=== Section Start ===
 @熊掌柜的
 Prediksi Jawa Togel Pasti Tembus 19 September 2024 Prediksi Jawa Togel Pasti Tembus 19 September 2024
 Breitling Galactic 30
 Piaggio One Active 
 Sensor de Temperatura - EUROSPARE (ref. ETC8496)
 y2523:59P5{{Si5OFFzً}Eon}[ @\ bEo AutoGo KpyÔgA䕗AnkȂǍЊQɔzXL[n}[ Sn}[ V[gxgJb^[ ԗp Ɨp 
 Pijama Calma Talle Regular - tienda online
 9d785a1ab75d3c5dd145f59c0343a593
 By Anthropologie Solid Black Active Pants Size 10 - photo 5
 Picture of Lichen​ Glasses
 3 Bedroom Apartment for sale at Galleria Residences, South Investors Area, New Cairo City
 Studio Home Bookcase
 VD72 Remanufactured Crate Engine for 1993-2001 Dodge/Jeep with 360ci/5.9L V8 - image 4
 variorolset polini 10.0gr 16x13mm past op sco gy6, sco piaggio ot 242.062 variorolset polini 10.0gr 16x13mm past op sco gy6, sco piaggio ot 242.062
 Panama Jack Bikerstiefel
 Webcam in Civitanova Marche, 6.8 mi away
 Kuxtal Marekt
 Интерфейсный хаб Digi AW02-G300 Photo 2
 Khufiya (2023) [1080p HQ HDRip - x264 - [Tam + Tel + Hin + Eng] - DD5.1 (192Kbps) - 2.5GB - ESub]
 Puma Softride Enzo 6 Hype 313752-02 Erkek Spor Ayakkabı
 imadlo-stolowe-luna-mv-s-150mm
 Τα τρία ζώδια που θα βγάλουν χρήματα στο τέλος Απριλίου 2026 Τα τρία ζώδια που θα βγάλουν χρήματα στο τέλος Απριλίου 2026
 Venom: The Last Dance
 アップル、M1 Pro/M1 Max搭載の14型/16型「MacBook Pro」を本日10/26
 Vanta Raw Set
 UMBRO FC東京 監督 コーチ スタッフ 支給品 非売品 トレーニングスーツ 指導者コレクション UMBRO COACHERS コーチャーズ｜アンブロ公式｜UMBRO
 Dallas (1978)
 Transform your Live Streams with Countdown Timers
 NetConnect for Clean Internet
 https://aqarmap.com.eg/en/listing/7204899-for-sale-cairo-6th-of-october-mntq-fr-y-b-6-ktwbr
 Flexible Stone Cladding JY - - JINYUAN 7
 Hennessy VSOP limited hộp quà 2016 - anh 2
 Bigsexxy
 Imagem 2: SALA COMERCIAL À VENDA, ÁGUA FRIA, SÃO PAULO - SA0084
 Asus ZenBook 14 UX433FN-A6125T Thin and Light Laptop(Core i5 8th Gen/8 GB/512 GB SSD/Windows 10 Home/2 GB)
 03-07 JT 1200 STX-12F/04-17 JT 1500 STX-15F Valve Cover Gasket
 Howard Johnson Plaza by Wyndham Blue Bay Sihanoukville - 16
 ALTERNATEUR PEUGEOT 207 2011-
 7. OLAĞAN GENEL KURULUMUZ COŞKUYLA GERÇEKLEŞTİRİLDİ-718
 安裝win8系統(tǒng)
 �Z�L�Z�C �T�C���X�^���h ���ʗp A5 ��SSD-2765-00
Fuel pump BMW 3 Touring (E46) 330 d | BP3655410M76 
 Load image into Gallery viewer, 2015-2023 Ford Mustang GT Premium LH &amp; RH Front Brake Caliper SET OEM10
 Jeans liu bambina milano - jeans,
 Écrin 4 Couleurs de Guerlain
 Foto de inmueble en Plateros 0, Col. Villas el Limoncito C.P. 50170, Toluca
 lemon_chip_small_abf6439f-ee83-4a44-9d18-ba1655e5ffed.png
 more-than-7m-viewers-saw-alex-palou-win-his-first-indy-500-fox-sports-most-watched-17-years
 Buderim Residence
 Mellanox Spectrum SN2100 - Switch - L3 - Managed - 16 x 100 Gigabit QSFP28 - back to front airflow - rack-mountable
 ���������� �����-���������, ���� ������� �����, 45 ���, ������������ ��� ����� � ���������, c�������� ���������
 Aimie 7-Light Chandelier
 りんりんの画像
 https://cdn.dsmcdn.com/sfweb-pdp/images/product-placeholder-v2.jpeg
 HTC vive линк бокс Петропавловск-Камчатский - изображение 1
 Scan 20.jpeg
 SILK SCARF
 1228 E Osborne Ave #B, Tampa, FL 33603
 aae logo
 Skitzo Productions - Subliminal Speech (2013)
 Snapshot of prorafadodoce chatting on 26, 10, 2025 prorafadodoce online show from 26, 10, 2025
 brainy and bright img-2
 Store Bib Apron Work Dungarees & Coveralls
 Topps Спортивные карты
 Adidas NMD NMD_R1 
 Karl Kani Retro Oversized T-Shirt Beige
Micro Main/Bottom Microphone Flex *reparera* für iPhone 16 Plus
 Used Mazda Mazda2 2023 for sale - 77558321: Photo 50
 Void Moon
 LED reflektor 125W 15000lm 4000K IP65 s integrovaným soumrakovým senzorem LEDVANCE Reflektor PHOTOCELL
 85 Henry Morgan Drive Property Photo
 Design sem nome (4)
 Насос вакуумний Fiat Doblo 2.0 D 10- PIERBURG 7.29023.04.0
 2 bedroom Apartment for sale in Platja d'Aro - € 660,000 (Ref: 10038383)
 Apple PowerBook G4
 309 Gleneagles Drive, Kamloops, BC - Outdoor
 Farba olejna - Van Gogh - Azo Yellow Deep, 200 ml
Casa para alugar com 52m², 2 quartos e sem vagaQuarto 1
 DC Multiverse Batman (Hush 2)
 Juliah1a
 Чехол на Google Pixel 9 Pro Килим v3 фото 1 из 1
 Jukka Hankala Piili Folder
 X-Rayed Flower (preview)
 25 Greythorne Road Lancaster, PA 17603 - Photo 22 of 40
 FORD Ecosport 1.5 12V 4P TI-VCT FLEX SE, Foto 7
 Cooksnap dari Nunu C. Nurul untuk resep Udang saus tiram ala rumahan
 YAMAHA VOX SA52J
=== Section End ===
● **What needs to be done**
Print out the whole of the material above exactly.

● **Exercise answer**
 @熊掌柜的
 Prediksi Jawa Togel Pasti Tembus 19 September 2024 Prediksi Jawa Togel Pasti Tembus 19 September 2024
 Breitling Galactic 30
 Piaggio One Active 
 Sensor de Temperatura - EUROSPARE (ref. ETC8496)
 y2523:59P5{{Si5OFFzً}Eon}[ @\ bEo AutoGo KpyÔgA䕗AnkȂǍЊQɔzXL[n}[ Sn}[ V[gxgJb^[ ԗp Ɨp 
 Pijama Calma Talle Regular - tienda online
 9d785a1ab75d3c5dd145f59c0343a593
 By Anthropologie Solid Black Active Pants Size 10 - photo 5
 Picture of Lichen​ Glasses
 3 Bedroom Apartment for sale at Galleria Residences, South Investors Area, New Cairo City
 Studio Home Bookcase
 VD72 Remanufactured Crate Engine for 1993-2001 Dodge/Jeep with 360ci/5.9L V8 - image 4
 variorolset polini 10.0gr 16x13mm past op sco gy6, sco piaggio ot 242.062 variorolset polini 10.0gr 16x13mm past op sco gy6, sco piaggio ot 242.062
 Panama Jack Bikerstiefel
 Webcam in Civitanova Marche, 6.8 mi away
 Kuxtal Marekt
 Интерфейсный хаб Digi AW02-G300 Photo 2
 Khufiya (2023) [1080p HQ HDRip - x264 - [Tam + Tel + Hin + Eng] - DD5.1 (192Kbps) - 2.5GB - ESub]
 Puma Softride Enzo 6 Hype 313752-02 Erkek Spor Ayakkabı
 imadlo-stolowe-luna-mv-s-150mm
 Τα τρία ζώδια που θα βγάλουν χρήματα στο τέλος Απριλίου 2026 Τα τρία ζώδια που θα βγάλουν χρήματα στο τέλος Απριλίου 2026
 Venom: The Last Dance
 アップル、M1 Pro/M1 Max搭載の14型/16型「MacBook Pro」を本日10/26
 Vanta Raw Set
 UMBRO FC東京 監督 コーチ スタッフ 支給品 非売品 トレーニングスーツ 指導者コレクション UMBRO COACHERS コーチャーズ｜アンブロ公式｜UMBRO
 Dallas (1978)
 Transform your Live Streams with Countdown Timers
 NetConnect for Clean Internet
 https://aqarmap.com.eg/en/listing/7204899-for-sale-cairo-6th-of-october-mntq-fr-y-b-6-ktwbr
 Flexible Stone Cladding JY - - JINYUAN 7
 Hennessy VSOP limited hộp quà 2016 - anh 2
 Bigsexxy
 Imagem 2: SALA COMERCIAL À VENDA, ÁGUA FRIA, SÃO PAULO - SA0084
 Asus ZenBook 14 UX433FN-A6125T Thin and Light Laptop(Core i5 8th Gen/8 GB/512 GB SSD/Windows 10 Home/2 GB)
 03-07 JT 1200 STX-12F/04-17 JT 1500 STX-15F Valve Cover Gasket
 Howard Johnson Plaza by Wyndham Blue Bay Sihanoukville - 16
 ALTERNATEUR PEUGEOT 207 2011-
 7. OLAĞAN GENEL KURULUMUZ COŞKUYLA GERÇEKLEŞTİRİLDİ-718
 安裝win8系統(tǒng)
 �Z�L�Z�C �T�C���X�^���h ���ʗp A5 ��SSD-2765-00
Fuel pump BMW 3 Touring (E46) 330 d | BP3655410M76 
 Load image into Gallery viewer, 2015-2023 Ford Mustang GT Premium LH &amp; RH Front Brake Caliper SET OEM10
 Jeans liu bambina milano - jeans,
 Écrin 4 Couleurs de Guerlain
 Foto de inmueble en Plateros 0, Col. Villas el Limoncito C.P. 50170, Toluca
 lemon_chip_small_abf6439f-ee83-4a44-9d18-ba1655e5ffed.png
 more-than-7m-viewers-saw-alex-palou-win-his-first-indy-500-fox-sports-most-watched-17-years
 Buderim Residence
 Mellanox Spectrum SN2100 - Switch - L3 - Managed - 16 x 100 Gigabit QSFP28 - back to front airflow - rack-mountable
 ���������� �����-���������, ���� ������� �����, 45 ���, ������������ ��� ����� � ���������, c�������� ���������
 Aimie 7-Light Chandelier
 りんりんの画像
 https://cdn.dsmcdn.com/sfweb-pdp/images/product-placeholder-v2.jpeg
 HTC vive линк бокс Петропавловск-Камчатский - изображение 1
 Scan 20.jpeg
 SILK SCARF
 1228 E Osborne Ave #B, Tampa, FL 33603
 aae logo
 Skitzo Productions - Subliminal Speech (2013)
 Snapshot of prorafadodoce chatting on 26, 10, 2025 prorafadodoce online show from 26, 10, 2025
 brainy and bright img-2
 Store Bib Apron Work Dungarees & Coveralls
 Topps Спортивные карты
 Adidas NMD NMD_R1 
 Karl Kani Retro Oversized T-Shirt Beige
Micro Main/Bottom Microphone Flex *reparera* für iPhone 16 Plus
 Used Mazda Mazda2 2023 for sale - 77558321: Photo 50
 Void Moon
 LED reflektor 125W 15000lm 4000K IP65 s integrovaným soumrakovým senzorem LEDVANCE Reflektor PHOTOCELL
 85 Henry Morgan Drive Property Photo
 Design sem nome (4)
 Насос вакуумний Fiat Doblo 2.0 D 10- PIERBURG 7.29023.04.0
 2 bedroom Apartment for sale in Platja d'Aro - € 660,000 (Ref: 10038383)
 Apple PowerBook G4
 309 Gleneagles Drive, Kamloops, BC - Outdoor
 Farba olejna - Van Gogh - Azo Yellow Deep, 200 ml
Casa para alugar com 52m², 2 quartos e sem vagaQuarto 1
 DC Multiverse Batman (Hush 2)
 Juliah1a
 Чехол на Google Pixel 9 Pro Килим v3 фото 1 из 1
 Jukka Hankala Piili Folder
 X-Rayed Flower (preview)
 25 Greythorne Road Lancaster, PA 17603 - Photo 22 of 40
 FORD Ecosport 1.5 12V 4P TI-VCT FLEX SE, Foto 7
 Cooksnap dari Nunu C. Nurul untuk resep Udang saus tiram ala rumahan
 YAMAHA VOX SA52J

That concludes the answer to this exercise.